This article will explore the essential elements of risk-based vulnerability management and how to implement a successful risk-based program.

Risk-Based Vulnerability Management vs Traditional Vulnerability Management

One way to understand the difference between traditional and risk-based vulnerability management is to think of traditional risk management as the activities to detect and respond to vulnerabilities, while risk-based vulnerability management is the strategy for prioritizing, managing, and governing a vulnerability management program aligned with the risk tolerance and often competing objectives of the organization. That is a loaded statement, though, so let’s break it down.

Vulnerability management describes a set of ongoing activities to identify assets, detect and respond to vulnerabilities, and protect against cyber exposure. It includes inventorying assets, testing to find vulnerabilities among those assets, and practices to investigate and remediate those findings. It also includes policies and controls to safeguard and mitigate the impact of malicious attacks.

Part of the challenge is that the volume and complexity of IT assets have  exploded. Organizations need to defend dispersed assets against diverse threats often using disjointed tools to detect vulnerabilities across everything from traditional networks to cloud infrastructures, web applications to mobile and internet of thing (IoT) devices, and more.

Complexity not only adds to the number of assets under management and tools required for testing. It also creates hundreds of thousands of vulnerability findings for teams that already have more than they can handle. This is where traditional vulnerability management has fallen short. When teams are already overwhelmed, just detecting more vulnerabilities is not productive. It is paralyzing.

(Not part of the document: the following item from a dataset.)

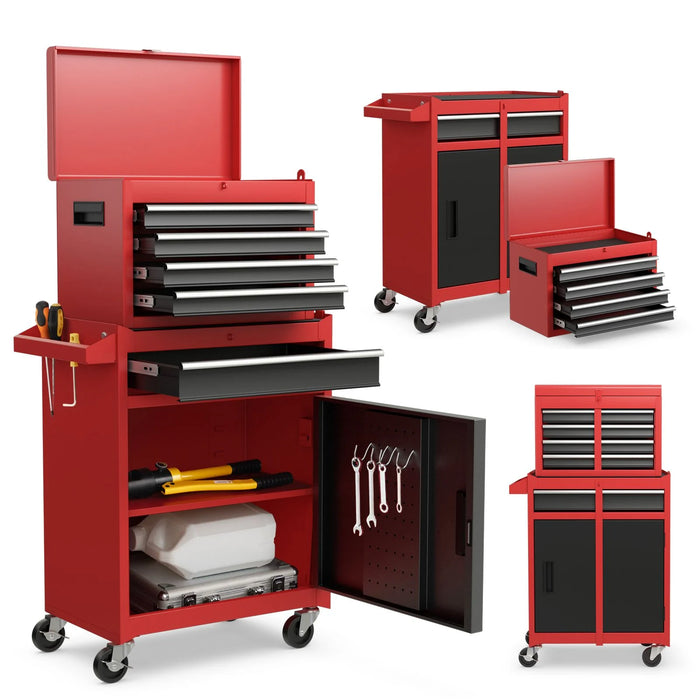 High-Capacity Rolling Tool Cabinet – Lockable Wheels, Metal 2‑in‑1 Chest & Base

Risk-based vulnerability management breaks this paralysis. By calculating risk and applying risk-based principles to vulnerability management, organizations can cut through the complexity to prioritize remediation efforts based on impact and provide visibility into risk posture for governance and decision support. So, what are these risk-based principles?


RBVM Fundamentals: Understanding Risk Management Principles

Risk management weighs the probability and impact of adverse events across the organization to inform the judicious allocation of resources to mitigate and minimize exposure.

It can be tempting to fall into a narrow view of risk. For example, if you are responsible for vulnerability management and all vulnerabilities pose a potential threat, you might advocate for resources to address as many vulnerabilities as possible. However, while cyber exposure is key and a growing risk factor, it is only one of many types of risk spanning everything from operational risk to financial and strategic risk. Risks that can factor into a broader risk management strategy include:

Strategic Risk Ensuring the organization is positioned to sustain operations and grow in a healthy market – including the ability to innovate and adapt.
Operational Risk Mitigating events that jeopardize the ability of employees and/or equipment to develop and deliver products and services and perform critical functions.
Financial Risk Ensuring the organization can generate and borrow funds to sustain business and mitigate market fluctuations and volatility.
Competitive Risk Protecting the organization from the loss of customers and revenue to competitors and substitute solutions.
Security Risk Protecting the organization from malicious external and internal actors actively trying to exploit physical, digital, and/or personnel assets.
Legal Risk Ensuring the organization has the right legal protections to secure assets and is not in violation of laws, regulations, or industry compliance standards.
Reputation Risk Preventing the loss of financial, brand, and social capital and/or market share due to damage to the organization’s reputation.

There are many other potential risk factors organizations might consider from the impact of policy and political factors to natural disasters. Risk-based principles identify key risk factors, assess the risk tolerance of the organization, and apply this to inform decisions and align the organization.

Often, risk factors are interconnected leading to tradeoffs and competition for resources. An example of this is the frequent friction between security teams and development. On one hand, security is responsible for mitigating security and operational risks. On the other hand, development is responsible for mitigating competitive and strategic risks. These are different objectives, but they compete for the same resources to achieve them. This can lead to conflicts when organizations are not aligned around a well-defined – and ideally well-documented and managed – risk-based approach.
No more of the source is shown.